Similarly, for decades now the lower courts have unanimously held that U.S. immigration and asylum law protects LGBT individuals who are fleeing violence and persecution in their home countries. This administration has already taken steps to weaken those protections. An adverse decision on this issue by the Supreme Court would be a setback of unimaginable proportions. There is likewise a serious risk that a Trump-packed court will fail to robustly enforce the Supreme Court marriage equality case, Obergefell v. Hodges, and permit states to treat married same-sex couples unequally.
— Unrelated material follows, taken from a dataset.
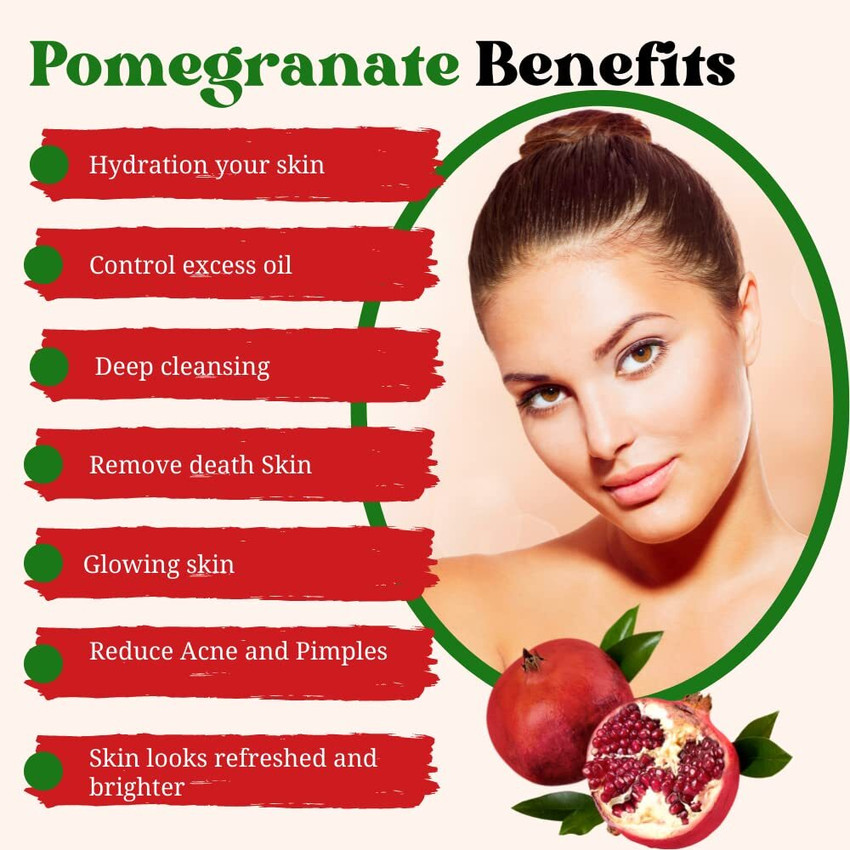 Happytree NATURAL AND HERBAL Pomegranate Peel Powder for Skin Whitening Price in India Buy Happytree NATURAL AND HERBAL Pomegranate Peel Powder for Skin Whitening Online In India Reviews Ratings Featu...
Since Obergefell, a number of states across the country have attempted to chip away at marriage equality for same-sex couples and their families. In NCLR's 2017 victory in Pavan v. Smith, the Supreme Court reversed an Arkansas Supreme Court decision denying same-sex married couples the right to be named on their children's birth certificates, just as other married parents are. As similar cases crop up across the country, it is critical that the Supreme Court ensure that this important precedent remains intact and does not strip away same-sex couples' fundamental right to marry.
In cases involving other fundamental rights, Judge Kavanaugh has shown an alarming willingness to permit the government to impose severe burdens on the exercise of that right, even when those burdens effectively strip the right of any meaning. For example, last year, in Garza v. Hargan, Kavanaugh dissented from an appellate decision permitting a 17 year-old detainee in a Texas immigration facility to obtain an abortion after she was raped. Judge Kavanaugh's dissent showed a shocking disregard for the young woman's constitutional freedom to control her own reproductive choices. He would have permitted the government to prevent her from obtaining an abortion for an additional two weeks, by which time she would no longer be eligible to obtain abortion health care under Texas law.
Finally, there is a real danger that a Trump-packed court would eviscerate Affordable Care Act protections for people with pre-existing conditions. Overnight, such a ruling would leave countless transgender people and people living with HIV with no ability to purchase health insurance.
These issues strike at the very heart of our ability to live and survive as equal members of this society. There is nothing in Judge Kavanagh's record to suggest that he would understand the real world impact of these issues on the actual lives and well-being of LGBT people or that he would be anything other than a consistent vote to deny basic freedoms and equality both to LGBTQ people and to other vulnerable groups.
Civil rights attorney Leslie Proll, who advises the NAACP on judicial nominations, has described the Senate's responsibility to determine whether to confirm Kavanaugh's Supreme Court nomination as one of the most important civil rights decisions of our time. It is. And civil rights leaders across communities agree. In this moment, we must use our collective power and demand that our senators use every tool available to preserve the Supreme Court as an institution that is open to all, not just the privileged few, and that can provide a needed check on the cruelty and volatility of the Trump administration.